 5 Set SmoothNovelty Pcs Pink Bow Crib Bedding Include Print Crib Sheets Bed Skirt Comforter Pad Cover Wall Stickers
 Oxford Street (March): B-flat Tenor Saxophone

==

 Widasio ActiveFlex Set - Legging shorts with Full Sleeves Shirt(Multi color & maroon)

### PROBLEM TO WORK ON
Give back precisely the lines above that start at the line containing "5 Set SmoothNovelty" and end at the line containing "Oxford Street (March): B-flat", inclusive. No other lines belong in the output.

### REPLY TO THE TASK
 5 Set SmoothNovelty Pcs Pink Bow Crib Bedding Include Print Crib Sheets Bed Skirt Comforter Pad Cover Wall Stickers
 Oxford Street (March): B-flat Tenor Saxophone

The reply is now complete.